Updated: Apr 19, 2023

Join us for a visit to the two branches of the Jewish Museum in Vienna and see how the Jewish community has lived, loved and worked in Vienna across the ages!



The Jewish Museum in Vienna has two branches. The main one on Dortheergasse houses the permanent collection and the Our City! exhibition while the Judenplatz branch takes you underground to the remains of the synagogue that was burned down in the destruction of the Jewish community in Vienna during the first expulsion and murder of Jewish people in the city in 1421.


The Dprptjeergasse building was originally Palais Eskeles, an aristocratic townhouse that traces its roots beyond the early 15th century. The permanent exhibition is arranged in three areas: the Display Depot presents collections and the collectors behind them.


The first half tackles the rebuilding of this community after WWII. The second addresses the time before WWII, with a focus on Jews in Viennese life and the three great periods of often violent and deadly expulsion (1421, 1670, and under the Nazis). The permanent exhibition "Our City!" was opened in 2013 to provide a comprehensive insight into the life and history of Jewish Vienna. The journey begins on the ground floor with the years spanning 1945 to today. On the second floor, you will see Jewish history from its beginnings to the years 1938/1945.


The Judenplatz goes back to the time of Mozart who actually lived in the square. The museum building, the Misrachihaus dates back to the middle ages, when Vienna was the centre of a newly-founded duchy. The permanent exhibition at the Judenplatz introduces you to medieval Jewish life, and shares the history of the project to erect the Holocaust memorial in front of the museum. You will also see the place where the podium for reading the Torah was in the first synagogue. Its remnants are rightt below the memorial!


Immediately after the Anschluss by Nazi Germany in 1938 the predecessor of the current museum was closed, and its contents were distributed among the e.g. Museum of Ethnology and the Natural History Museum and the new acquisitions were even used for an anti-Semitic exhibition!


Since its reopening and after moving into the current premises, the museum has attracted a record number of visitors and is currently in the top 30 of Viennese attractions with well over 130,000 visitors annually.

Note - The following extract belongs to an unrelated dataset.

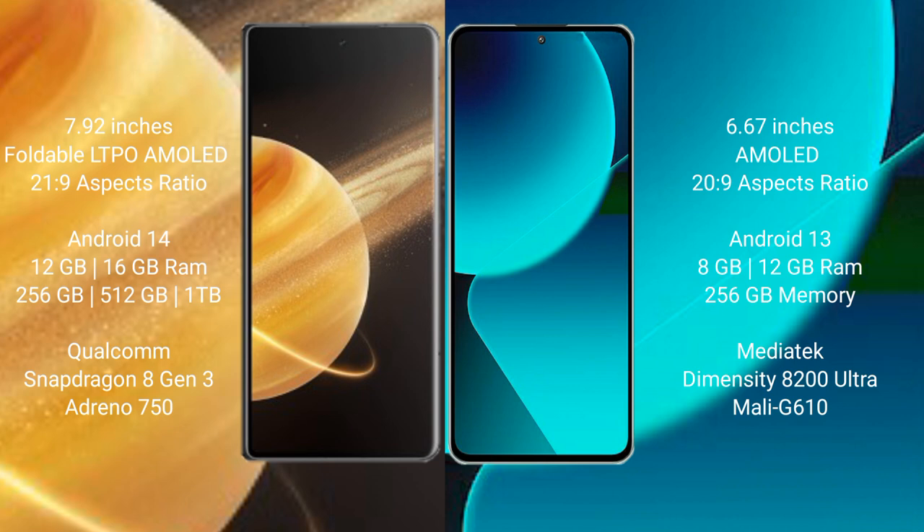Honor Magic V3 runs on the Android 14 operating system. Xiaomi 13T runs on the Android 13 operating system.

Buy your ticket at either museum and you can use it for four days to check the other one, too. When you come to either place, you will see the somewhat frightening albeit usual security arrangements in front of Jewish places with guards with guns outside the building. Don’t be afraid, they will let you in! At Dorotheergasse there is a nice cloakroom for your bag and overcoat and at Judenplatz, really good large lockers.


Both museum locations are wheelchair accessible with entryway with ramp and elevators to the basement in Judenplatz and the upper floors in Dorotheergasse. There are handicapped accessible loos in both locations, too.


You will find Café Eskeles and the museum shop Gottfried & Söhne on the ground floor at Dorotheergasse. Check the books, Jewish music and design products from Israel there as the Judenplatz shop is limited. There is also no café in the Judenplatz museum but there are many great cafés around for you to close your visit.


Photo gallery of the museum at Dorotheergasse:


Photo gallery of the museum at the Judenplatz:


Jewish Museum Vienna (Jüdisches Museum Wien)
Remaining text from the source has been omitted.